(Beginning of Listed records)
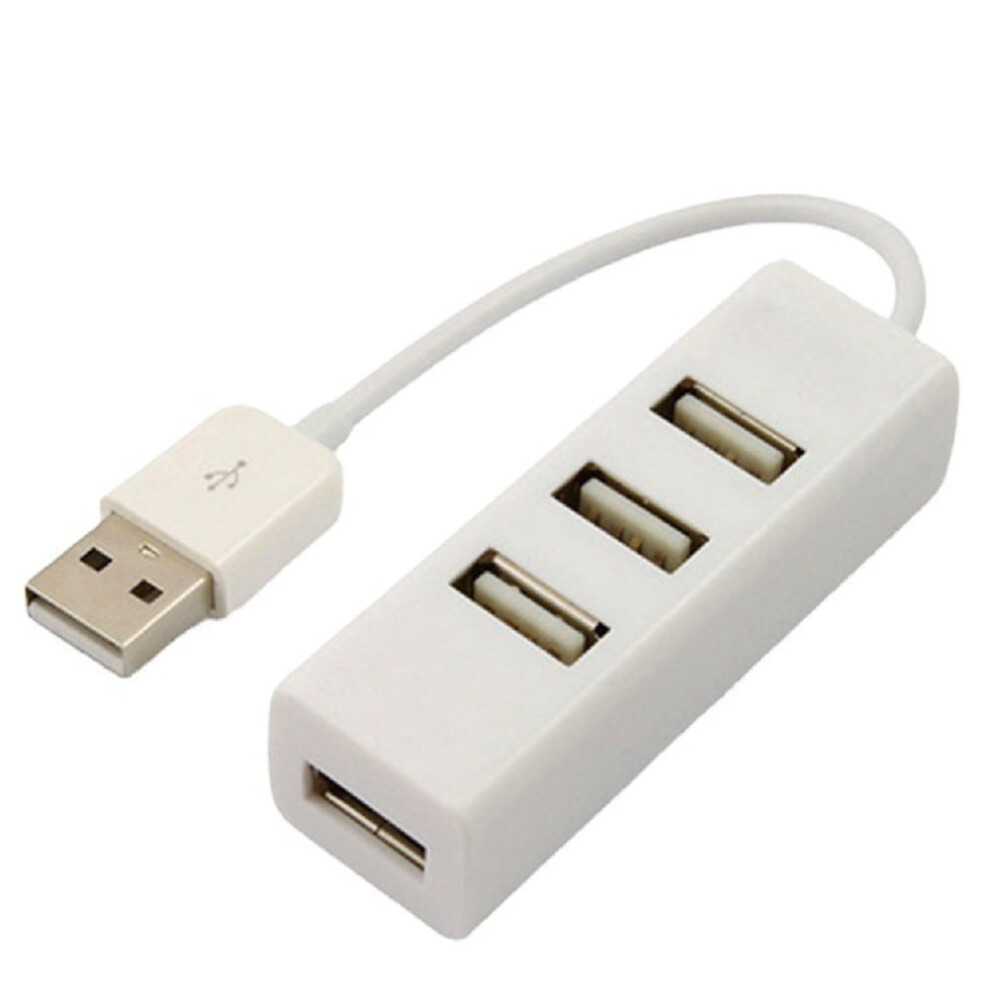 4-Port Usb 2.0 Hub With Ethernet & Usb C Adapter, 4-In-1 Portable Multi Port Expander Compatible With Usb Disk, Card Reader, Mouse, Keyboard, Scanner 9110895296370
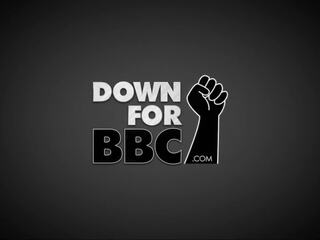 아래로 용 bbc - ashli ames 검정 스틱 으로 큰 으로 그녀의 forearm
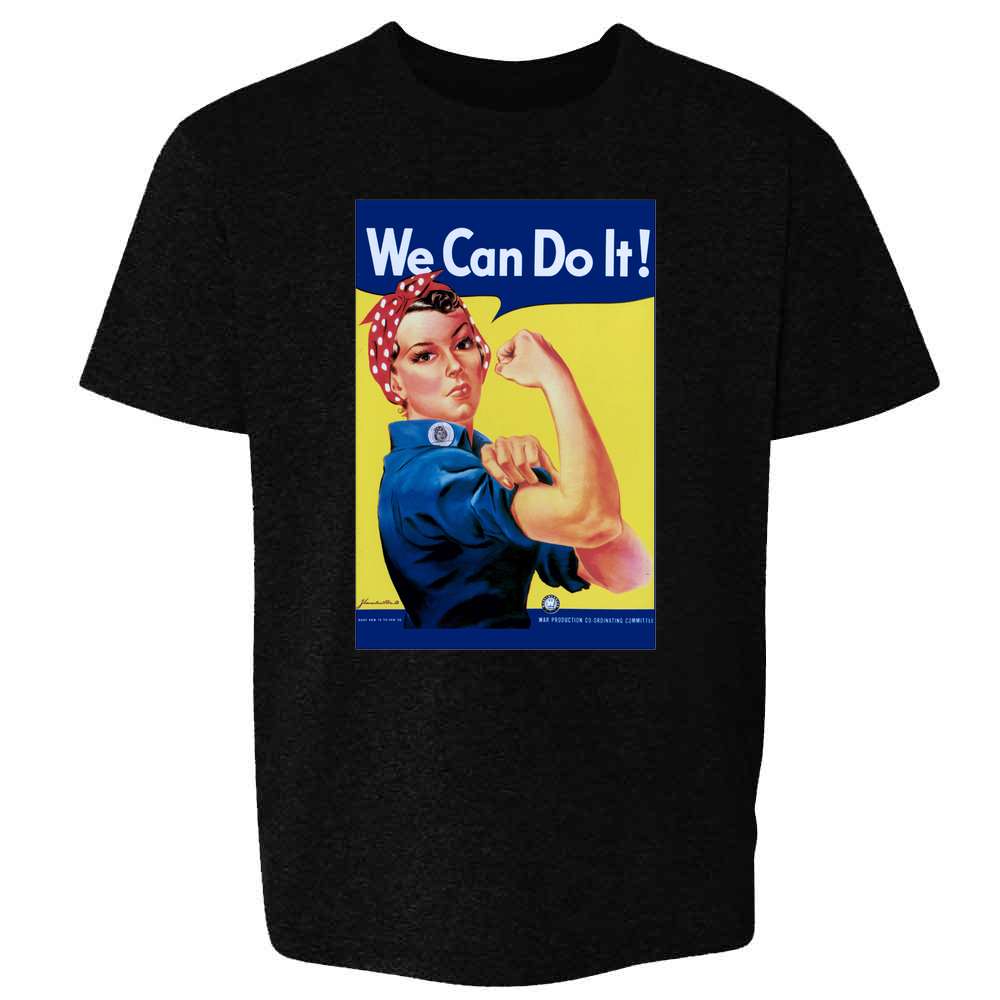 Rosie the Riveter We Can Do It Feminist Kids & Youth Tee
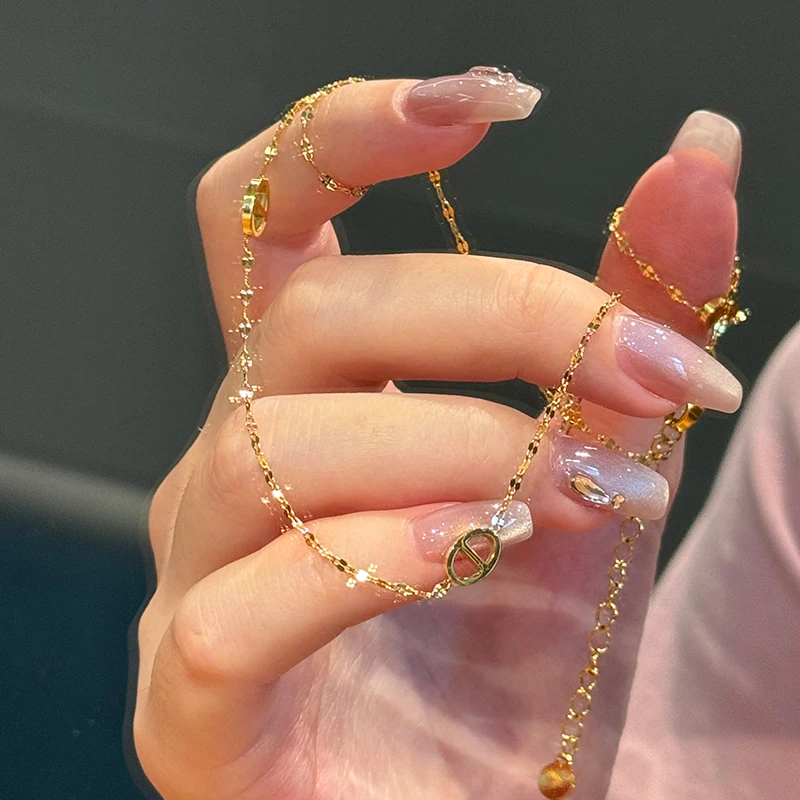 钛钢项链 有被美到~猪鼻子项链女精致高级轻奢锁骨链气质百搭饰品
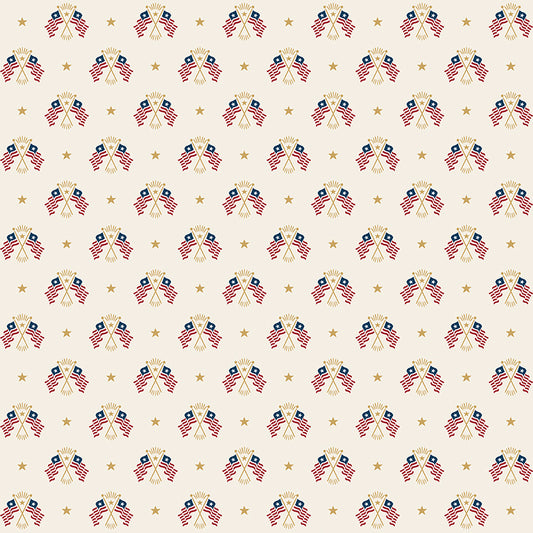Independence Old Glory Cream by Riley Blake Designs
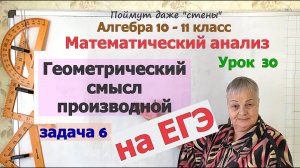 Как найти сумму ординат точек, в которых касательные параллельны прямой. Производная на ЕГЭ. Часть 6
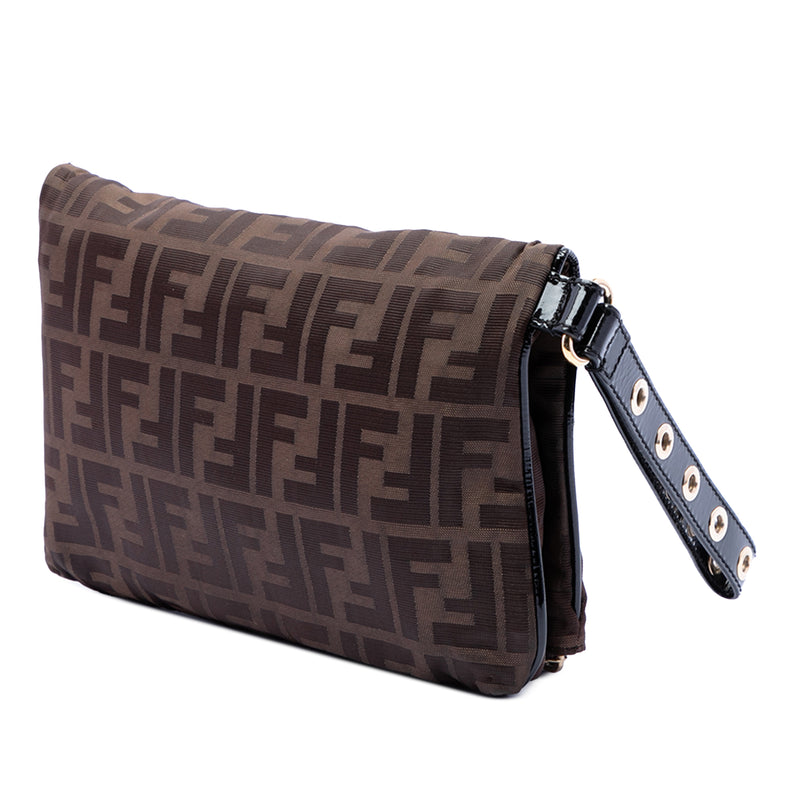 Zucca Canvas Flap Wristlet Clutch - Image 2
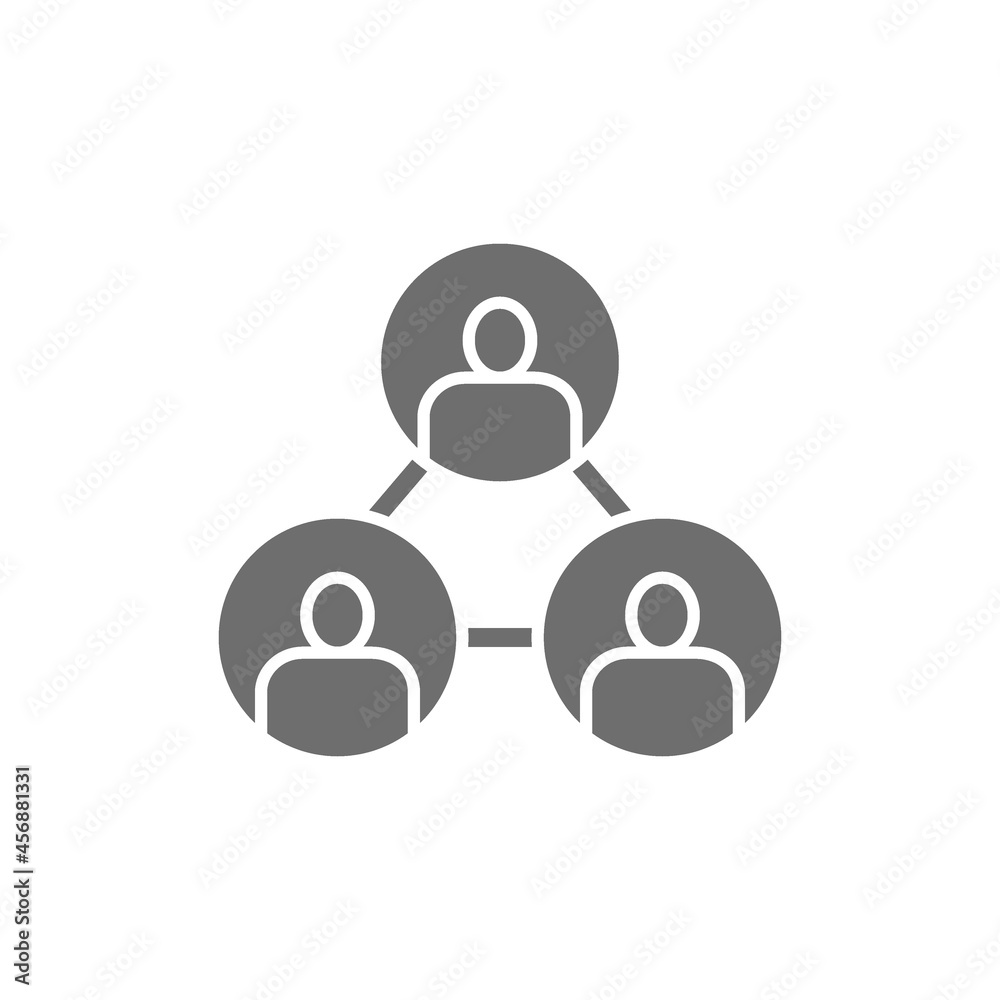 Business community, teamwork, people connection, blockchain grey icon. Business community, teamwork, people connection, blockchain grey icon.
(End of Listed records)
## What to do
Every entry above is to be copied verbatim, with the pictures removed.

## Solution
 4-Port Usb 2.0 Hub With Ethernet & Usb C Adapter, 4-In-1 Portable Multi Port Expander Compatible With Usb Disk, Card Reader, Mouse, Keyboard, Scanner 9110895296370
 아래로 용 bbc - ashli ames 검정 스틱 으로 큰 으로 그녀의 forearm
 Rosie the Riveter We Can Do It Feminist Kids & Youth Tee
 钛钢项链 有被美到~猪鼻子项链女精致高级轻奢锁骨链气质百搭饰品
Independence Old Glory Cream by Riley Blake Designs
 Как найти сумму ординат точек, в которых касательные параллельны прямой. Производная на ЕГЭ. Часть 6
 Zucca Canvas Flap Wristlet Clutch - Image 2
 Business community, teamwork, people connection, blockchain grey icon. Business community, teamwork, people connection, blockchain grey icon.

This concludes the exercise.